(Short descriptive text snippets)
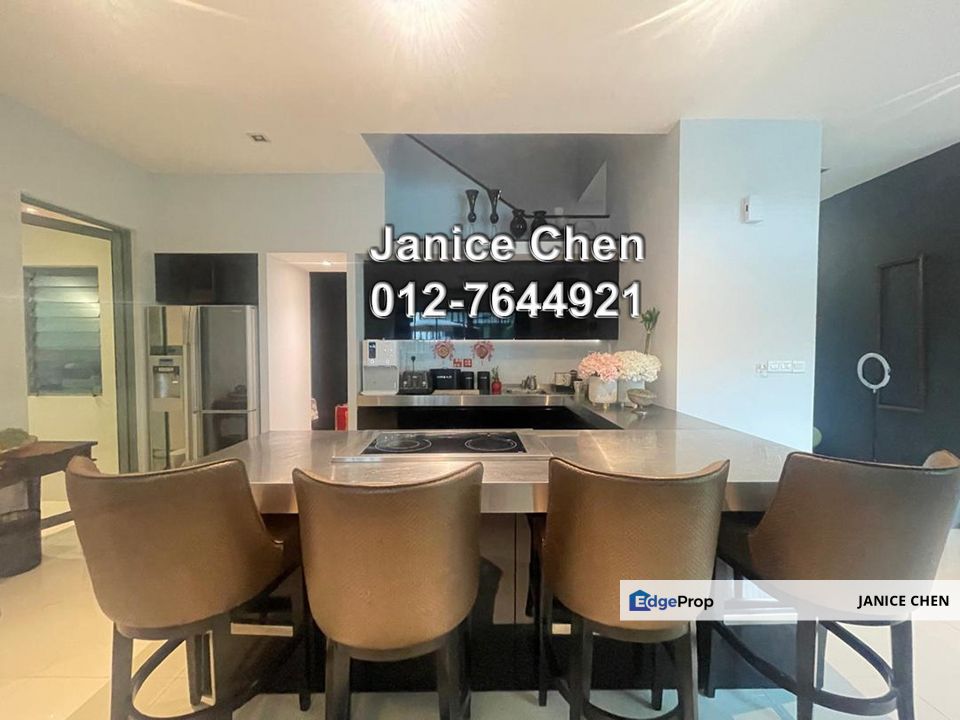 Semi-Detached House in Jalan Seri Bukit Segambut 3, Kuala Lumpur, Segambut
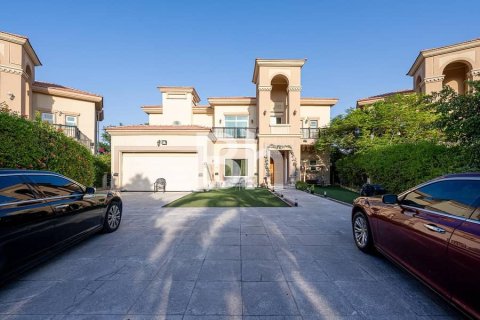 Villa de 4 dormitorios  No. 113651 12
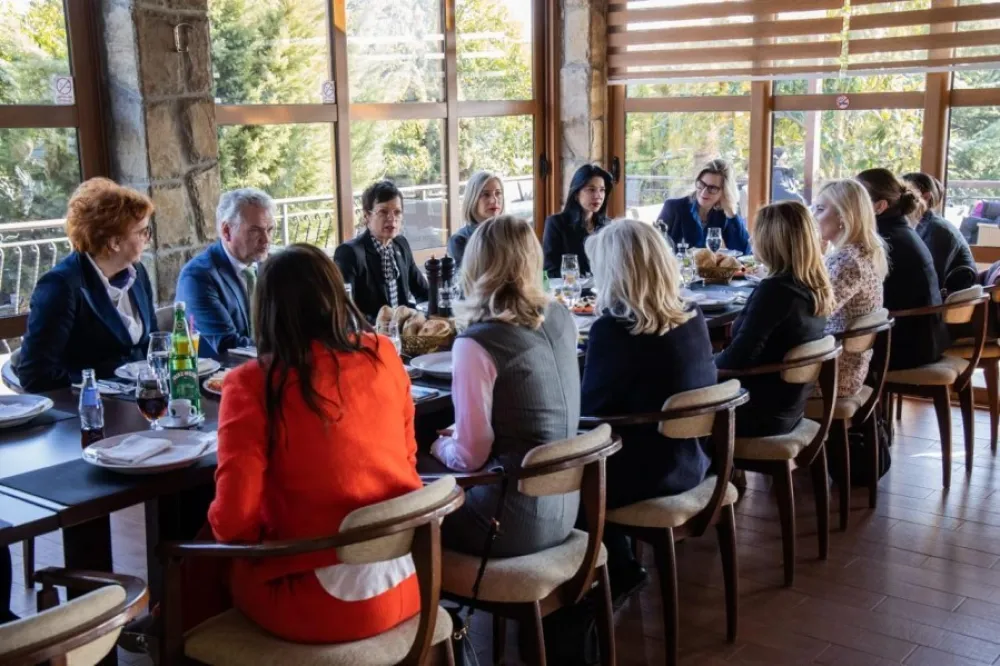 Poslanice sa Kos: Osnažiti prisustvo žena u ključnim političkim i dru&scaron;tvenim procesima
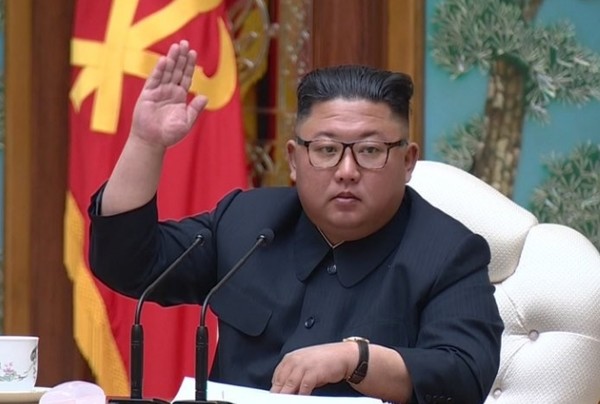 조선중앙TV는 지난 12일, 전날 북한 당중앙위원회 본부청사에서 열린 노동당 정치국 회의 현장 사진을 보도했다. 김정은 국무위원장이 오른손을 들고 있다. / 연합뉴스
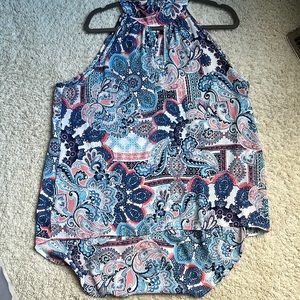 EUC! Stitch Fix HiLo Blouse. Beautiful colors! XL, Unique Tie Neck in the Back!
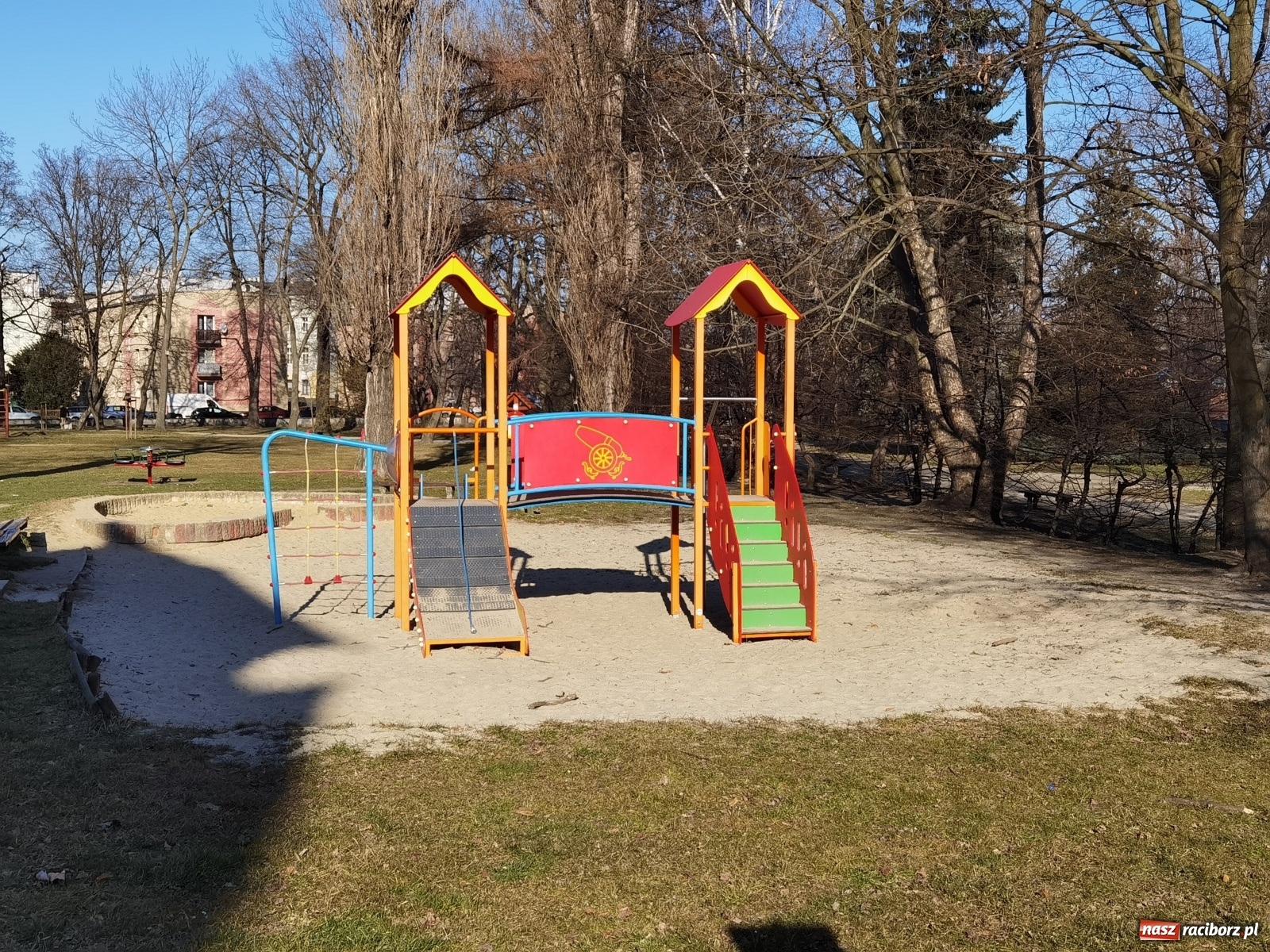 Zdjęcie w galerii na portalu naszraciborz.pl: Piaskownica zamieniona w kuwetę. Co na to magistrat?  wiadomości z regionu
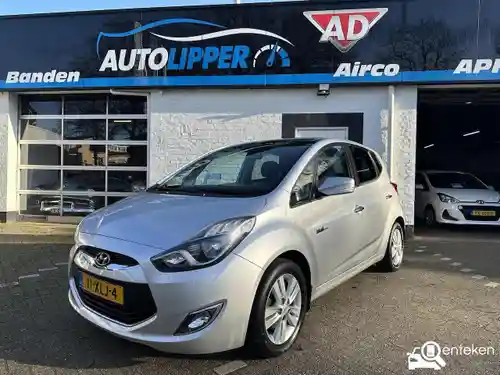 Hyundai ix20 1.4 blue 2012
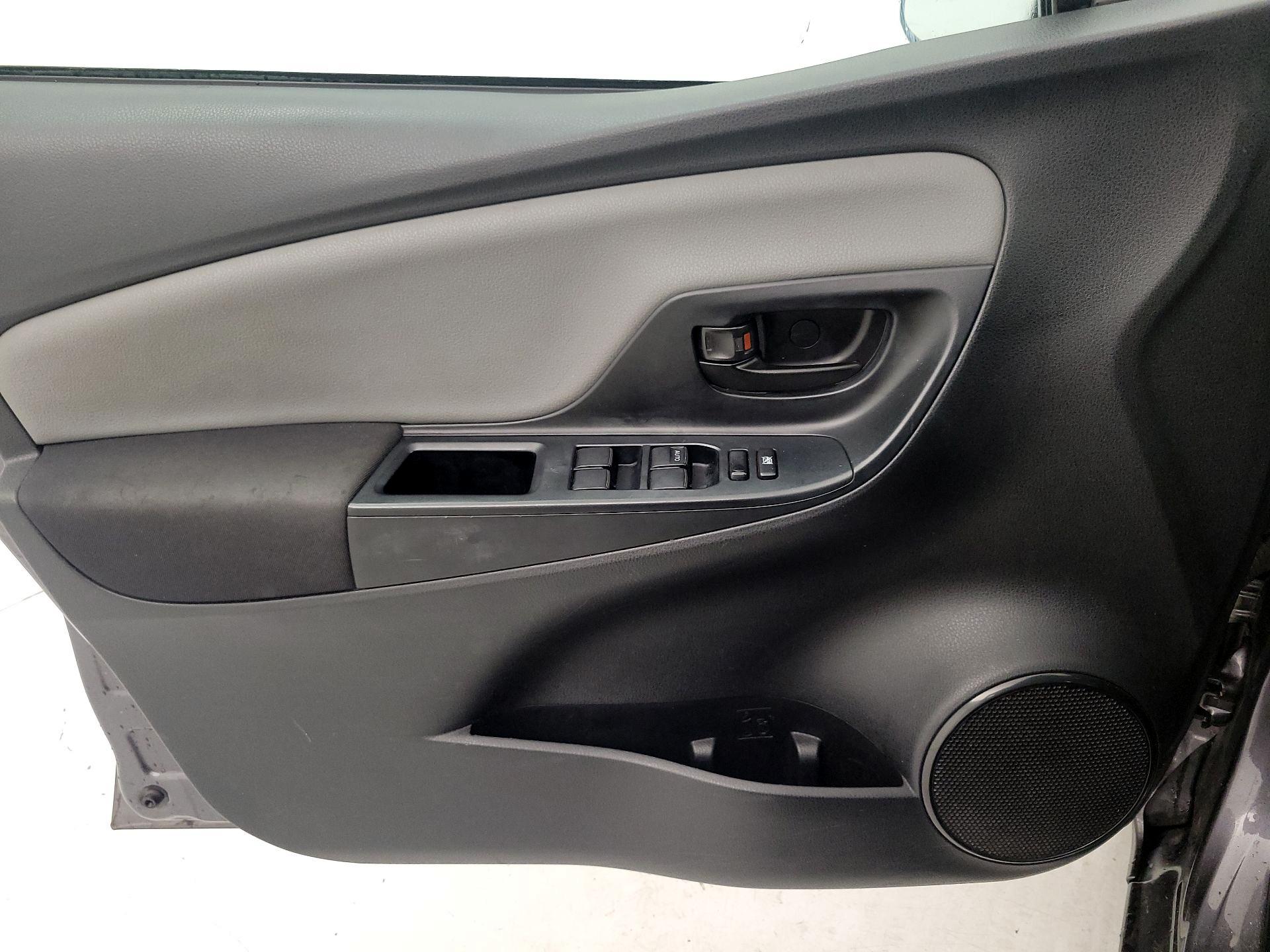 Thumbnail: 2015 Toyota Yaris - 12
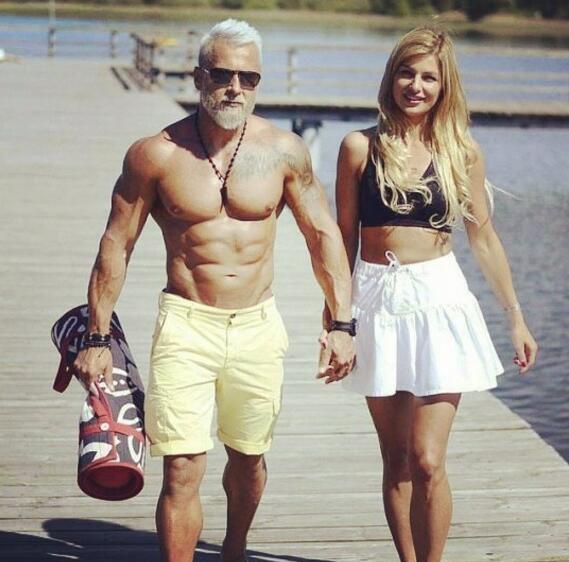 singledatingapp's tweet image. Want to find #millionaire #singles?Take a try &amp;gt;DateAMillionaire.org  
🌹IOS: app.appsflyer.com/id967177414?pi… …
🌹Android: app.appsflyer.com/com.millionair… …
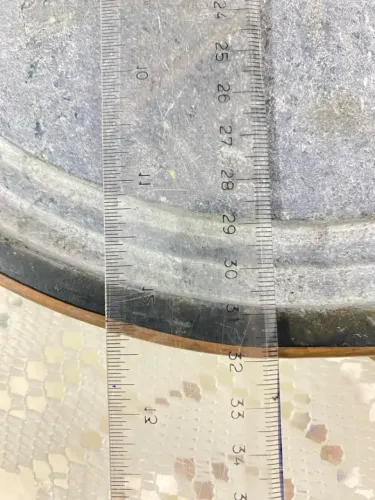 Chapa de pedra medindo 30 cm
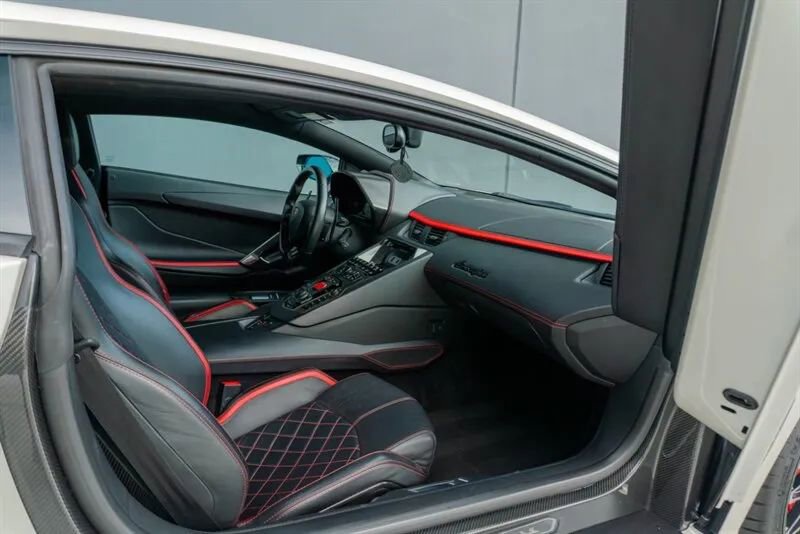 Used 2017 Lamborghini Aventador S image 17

## Aim of the exercise:
Exactly the lines from the one that contains "조선중앙TV는 지난 12일, 전날" through the final line of the records above are needed, given again word for word, with every picture left out.

## Final answer:
 조선중앙TV는 지난 12일, 전날 북한 당중앙위원회 본부청사에서 열린 노동당 정치국 회의 현장 사진을 보도했다. 김정은 국무위원장이 오른손을 들고 있다. / 연합뉴스
 EUC! Stitch Fix HiLo Blouse. Beautiful colors! XL, Unique Tie Neck in the Back!
 Zdjęcie w galerii na portalu naszraciborz.pl: Piaskownica zamieniona w kuwetę. Co na to magistrat?  wiadomości z regionu
 Hyundai ix20 1.4 blue 2012
 Thumbnail: 2015 Toyota Yaris - 12
 singledatingapp's tweet image. Want to find #millionaire #singles?Take a try &amp;gt;DateAMillionaire.org  
🌹IOS: app.appsflyer.com/id967177414?pi… …
🌹Android: app.appsflyer.com/com.millionair… …
 Chapa de pedra medindo 30 cm
 Used 2017 Lamborghini Aventador S image 17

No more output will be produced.